日本語なんだけど違う言語で話す人たちと、いったいいつ対話するのか、と。
一生会わないであろう人たちのことを、いったいいつ考えるだろうか、と。
(現に、今日現在の私は、今日の締め切りのことで頭がいっぱい。)

で、芸術系の大学に行かずに、
世界をでっかく俯瞰で捉えられそうな政治学を選んだわけです。
芸術なり舞台なりがこの日常でどういう位置づけにいけばいいのか
従事者たちは誰もが悩むところであると思いますが、
そのためにも、衛星から地球ならびにその局所を見つめるような感覚が
必要なのかなと、漠然と思っていました。

その選択は良かったなぁと思います。


私は、舞台を作りながら、
スイッチのことを考えたいと思います。

先日、さるステージのことで新聞用のコメントが必要だったとき、
ちょっとそんなことを思い出しました。

作品のメッセージがどうなのかということよりも、
人間が動物としてもともと持っている感覚器・五感を使って
シンプルになっていくこと。
他人をどうこうするんじゃなくて、
まず自分自身が、なる。
そういう、見えない行為を、劇場でやる。
ということができたらいいのですが・・・。

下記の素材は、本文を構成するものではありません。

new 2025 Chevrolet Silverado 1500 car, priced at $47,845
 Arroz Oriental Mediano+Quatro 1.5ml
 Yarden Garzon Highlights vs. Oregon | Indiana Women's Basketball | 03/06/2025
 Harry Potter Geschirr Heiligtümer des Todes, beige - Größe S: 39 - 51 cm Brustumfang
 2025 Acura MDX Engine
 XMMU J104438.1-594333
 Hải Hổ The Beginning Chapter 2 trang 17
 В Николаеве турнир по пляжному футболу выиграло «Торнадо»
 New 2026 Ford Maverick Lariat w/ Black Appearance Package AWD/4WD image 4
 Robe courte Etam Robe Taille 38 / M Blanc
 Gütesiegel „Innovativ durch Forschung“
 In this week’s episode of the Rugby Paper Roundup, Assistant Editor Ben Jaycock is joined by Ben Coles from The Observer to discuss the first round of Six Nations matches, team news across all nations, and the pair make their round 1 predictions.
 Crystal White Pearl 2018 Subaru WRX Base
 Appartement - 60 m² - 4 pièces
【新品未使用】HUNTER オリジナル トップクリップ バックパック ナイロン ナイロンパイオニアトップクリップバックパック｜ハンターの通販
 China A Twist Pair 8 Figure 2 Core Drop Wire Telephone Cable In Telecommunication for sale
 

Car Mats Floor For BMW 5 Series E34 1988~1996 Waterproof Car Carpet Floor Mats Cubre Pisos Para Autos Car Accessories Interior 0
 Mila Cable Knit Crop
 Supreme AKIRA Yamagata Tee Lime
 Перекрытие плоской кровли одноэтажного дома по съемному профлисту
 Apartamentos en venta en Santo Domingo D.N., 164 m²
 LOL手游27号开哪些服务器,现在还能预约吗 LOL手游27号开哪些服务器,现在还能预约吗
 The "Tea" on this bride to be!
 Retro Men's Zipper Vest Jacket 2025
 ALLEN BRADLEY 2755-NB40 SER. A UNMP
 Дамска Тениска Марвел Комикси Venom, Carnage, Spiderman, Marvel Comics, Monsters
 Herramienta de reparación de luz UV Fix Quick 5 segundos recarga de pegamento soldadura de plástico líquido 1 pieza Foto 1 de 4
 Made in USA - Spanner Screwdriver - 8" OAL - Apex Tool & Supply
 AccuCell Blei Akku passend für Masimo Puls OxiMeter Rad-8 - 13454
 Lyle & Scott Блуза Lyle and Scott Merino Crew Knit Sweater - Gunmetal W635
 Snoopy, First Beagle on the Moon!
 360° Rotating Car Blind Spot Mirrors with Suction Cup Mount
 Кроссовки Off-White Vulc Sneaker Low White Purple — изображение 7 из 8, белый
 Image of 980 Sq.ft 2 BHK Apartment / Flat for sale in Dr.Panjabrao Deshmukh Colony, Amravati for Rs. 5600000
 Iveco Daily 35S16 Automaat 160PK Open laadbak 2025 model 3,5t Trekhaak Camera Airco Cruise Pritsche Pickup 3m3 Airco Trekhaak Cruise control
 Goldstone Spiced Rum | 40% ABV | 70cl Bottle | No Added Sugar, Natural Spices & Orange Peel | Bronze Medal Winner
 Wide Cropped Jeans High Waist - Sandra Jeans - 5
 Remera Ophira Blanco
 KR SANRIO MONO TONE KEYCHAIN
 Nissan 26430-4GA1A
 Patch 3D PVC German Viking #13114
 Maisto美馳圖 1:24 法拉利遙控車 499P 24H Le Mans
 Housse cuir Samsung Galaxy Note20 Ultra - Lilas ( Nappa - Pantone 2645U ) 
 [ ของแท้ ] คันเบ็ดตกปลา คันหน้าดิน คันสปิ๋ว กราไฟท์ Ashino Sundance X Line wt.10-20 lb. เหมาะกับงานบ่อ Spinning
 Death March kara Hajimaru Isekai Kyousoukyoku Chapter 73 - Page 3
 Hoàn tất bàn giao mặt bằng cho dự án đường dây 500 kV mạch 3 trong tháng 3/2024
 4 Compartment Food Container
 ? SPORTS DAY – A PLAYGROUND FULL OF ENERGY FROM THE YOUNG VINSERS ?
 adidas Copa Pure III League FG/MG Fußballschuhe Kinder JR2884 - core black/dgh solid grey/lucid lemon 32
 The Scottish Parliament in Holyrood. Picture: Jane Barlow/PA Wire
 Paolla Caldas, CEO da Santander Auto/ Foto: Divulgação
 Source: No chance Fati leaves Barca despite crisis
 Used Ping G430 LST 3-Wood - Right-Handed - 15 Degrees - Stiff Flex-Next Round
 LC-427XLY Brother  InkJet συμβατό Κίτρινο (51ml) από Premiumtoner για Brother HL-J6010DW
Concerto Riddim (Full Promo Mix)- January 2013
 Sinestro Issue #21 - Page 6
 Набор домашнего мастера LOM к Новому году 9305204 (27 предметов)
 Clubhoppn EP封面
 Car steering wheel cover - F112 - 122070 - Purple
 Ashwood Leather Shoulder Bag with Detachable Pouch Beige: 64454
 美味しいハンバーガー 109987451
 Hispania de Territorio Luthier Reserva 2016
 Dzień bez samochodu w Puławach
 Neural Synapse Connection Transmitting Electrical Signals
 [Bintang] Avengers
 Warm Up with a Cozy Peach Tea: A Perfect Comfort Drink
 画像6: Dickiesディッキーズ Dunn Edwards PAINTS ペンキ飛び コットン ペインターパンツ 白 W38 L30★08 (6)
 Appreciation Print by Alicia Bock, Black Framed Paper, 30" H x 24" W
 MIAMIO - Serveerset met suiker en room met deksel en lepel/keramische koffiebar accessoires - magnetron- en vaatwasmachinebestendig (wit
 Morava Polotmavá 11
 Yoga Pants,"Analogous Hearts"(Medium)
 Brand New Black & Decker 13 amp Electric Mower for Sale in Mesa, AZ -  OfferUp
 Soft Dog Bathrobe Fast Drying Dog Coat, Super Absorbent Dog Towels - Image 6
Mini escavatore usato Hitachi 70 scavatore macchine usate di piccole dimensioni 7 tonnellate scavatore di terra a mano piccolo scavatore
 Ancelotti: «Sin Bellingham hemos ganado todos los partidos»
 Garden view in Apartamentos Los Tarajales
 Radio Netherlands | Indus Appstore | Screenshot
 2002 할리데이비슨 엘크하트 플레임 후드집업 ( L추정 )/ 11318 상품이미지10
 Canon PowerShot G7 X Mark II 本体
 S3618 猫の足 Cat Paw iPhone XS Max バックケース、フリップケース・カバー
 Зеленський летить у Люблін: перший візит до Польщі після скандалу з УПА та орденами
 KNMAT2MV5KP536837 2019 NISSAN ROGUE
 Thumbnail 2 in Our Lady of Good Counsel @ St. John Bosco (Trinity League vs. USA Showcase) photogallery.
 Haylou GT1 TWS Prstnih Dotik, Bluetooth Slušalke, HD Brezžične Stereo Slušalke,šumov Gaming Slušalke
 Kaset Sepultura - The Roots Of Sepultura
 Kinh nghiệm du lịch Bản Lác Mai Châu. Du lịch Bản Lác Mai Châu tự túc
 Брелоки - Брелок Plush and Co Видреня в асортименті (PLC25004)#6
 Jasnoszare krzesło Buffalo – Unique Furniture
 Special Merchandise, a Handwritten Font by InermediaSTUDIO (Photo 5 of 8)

模索中。

劇場は、
どんな宗教の人でも一つ同じ場所で祈ることができる空間だと思ってます。
それぞれが暗闇のなかで
余計なものを溶かして脱ぎ捨てて、
剥きだした自分の心と対話しながら
純粋にシンプルになっていける可能性がある空間です。
ひとはシンプルになったとき、何を考え、どう行動するのか・・・。

その”シンプル”を作り出すのが夢です。
まだまだ・・・夢です。

ショウは娯楽であるべきだけど、
その娯楽は、衣食住のように大事なんだ。


さあー。

卒業して10年後の6月13日を迎えておりますが、、、

明日はドラロマの振付に入ります。

目の前のことに顔を近づけて愛情を込めて向きあっているうちに、
その背後に、”10年後”というのが、ふいに現れる。のだな。